2- Münkerin işlenmesi
Dolayısıyla Azap Kimlere isabet Eder:
Nahiv bilginleri
"Erişmekle kalmayan" buyruğundaki "nun" harfinin gelişini
farklı şekilde açıklamışlardır. el-Ferra der ki: Burdaki ifade, senin birisine;
"Bineğin sırtından in, seni yere düşürmesin," demene benzemektedir.
Buna göre bu, nehiy lafzında emrin cevabıdır.
Yani, eğer sen bineğin
sırtından inersen, o da seni yere yıkmayacaktır. Bunun bir benzeri de Yüce
Allah'ın şu buyruğudur: "Yuvalarınıza girin ... sizi çiğneyip ezmesin.
"(en-Neml, 18) Yuvalarınıza girecek olursanız, o da sizi çiğneyip ezmez,
demektir.
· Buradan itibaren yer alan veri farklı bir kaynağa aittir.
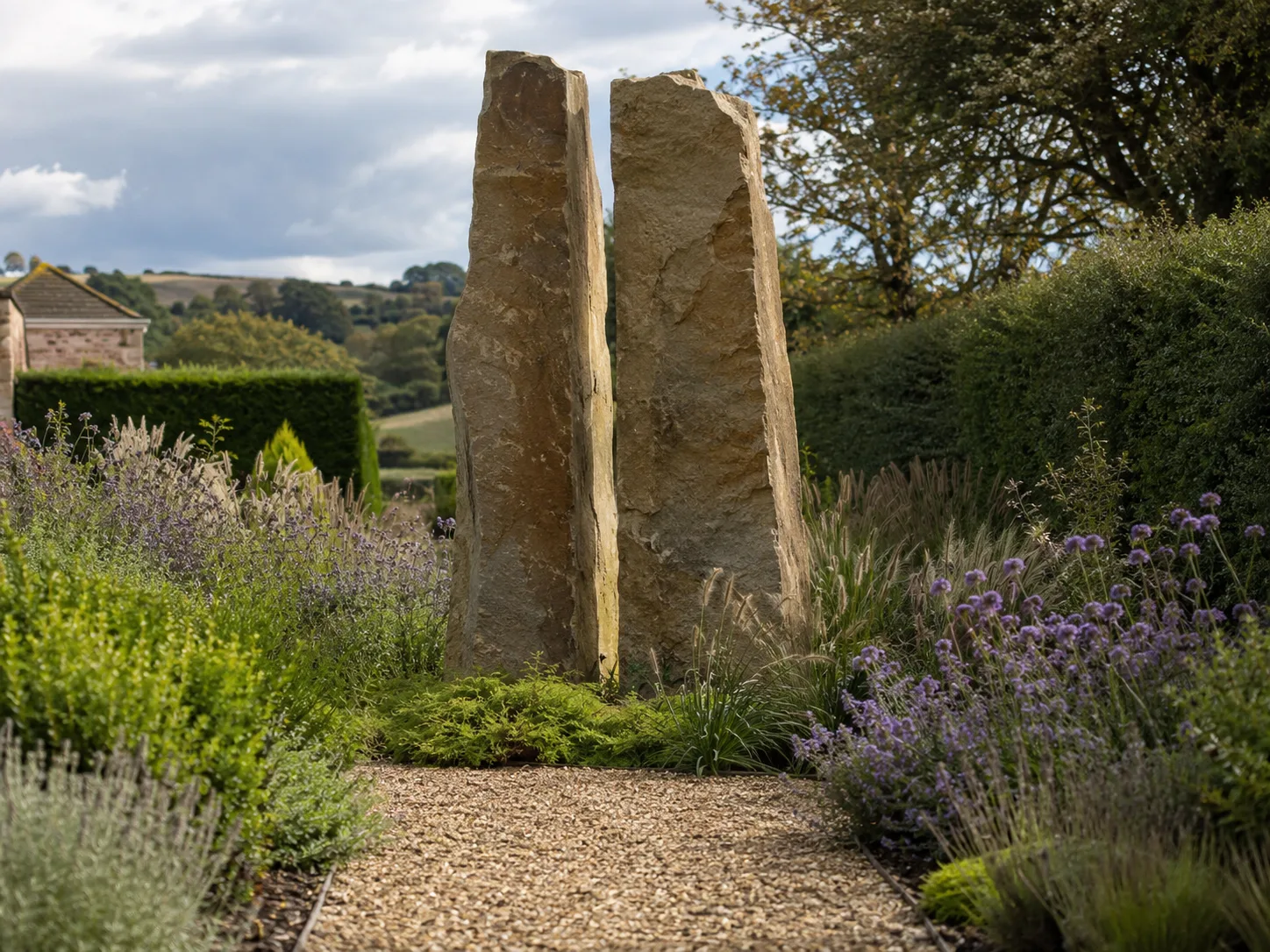 Two tall standing stones in a landscaped garden with gravel path and surrounding plants.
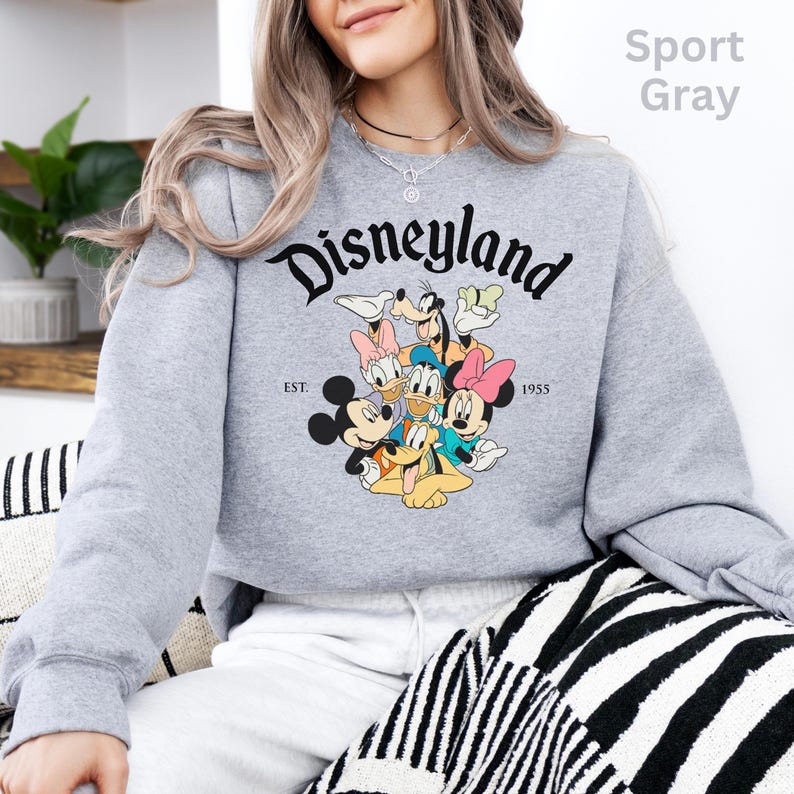 May include: Sport gray sweatshirt featuring the word "Disneyland" in a black script font. Below the word is a graphic of Mickey Mouse, Minnie Mouse, Donald Duck, Daisy Duck, Goofy, and Pluto. The sweatshirt also has the text "EST. 1955".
Burada "nun" ceza anlamı dolayısıyla gelmiştir.
Şöyle de açıklanmıştır:
Bu "nun"un geliş sebebi, buyruğun kasem gibi bir mana ifade edişi
dolayısıyladır. Nun ise, ancak nehiy fiili veya kasemin cevabı halinde gelir.
Ebu'l-Abbas el-Müberred de der ki: Bu buyruk emirden sonra bir nehiydir. Yani,
buradaki nehiy, zalimlere yöneliktir. Bu da, siz zulme yaklaşmayınız
anlamındadır. Sibeveyh de; (...): Seni burada kesinlikle görmemeliyim,
ifadesinin kullanıldığını nakletmektedir. Yani Burada bulunma, demektir. Çünkü
ben, burada kim varsa onu görürüm.
el-Cürcani de der ki:
Buyruk, özel olarak zalimlere isabet eden bir fitneden (azaptan) sakının,
demektir. Buna göre "Erişmekle kalmayan" buyruğu, nekireye sıfat
mahallinde bir nehiydir ki, bunun da te'vili, zulmedenlere bu fitnenin isabet
edeceğini haber vermek şeklindedir.
Ali, Zeyd b. Sabit, Ubey
ve İbn Mes'ud ise elif'siz olarak ve (...); Zulmedenlere erişecek bir fitne ...
" anlamını verecek şekilde okumuşlardır. el-Mehdev'i der ki: Bu şekildeki
okuyuşun, elif'li (...) okuyuşundan elif'in kasredilmiş ve; (...)'dan
hazfedildiği gibi, bundan da hazf edilmiştir. O, mana itibariyle "Ama
hayır, Allah'a yemin ederimki mutlaka yapacağım," ifadelerinde ve
benzerlerinde olduğu gibi.
Aynı şekilde bunun
cemaatin kıraatine muhalif bir kıraat olması da mümkündür, o takdirde mana: Bu
fitne özel olarak zalim olanlara isabet eder, anlamını verir.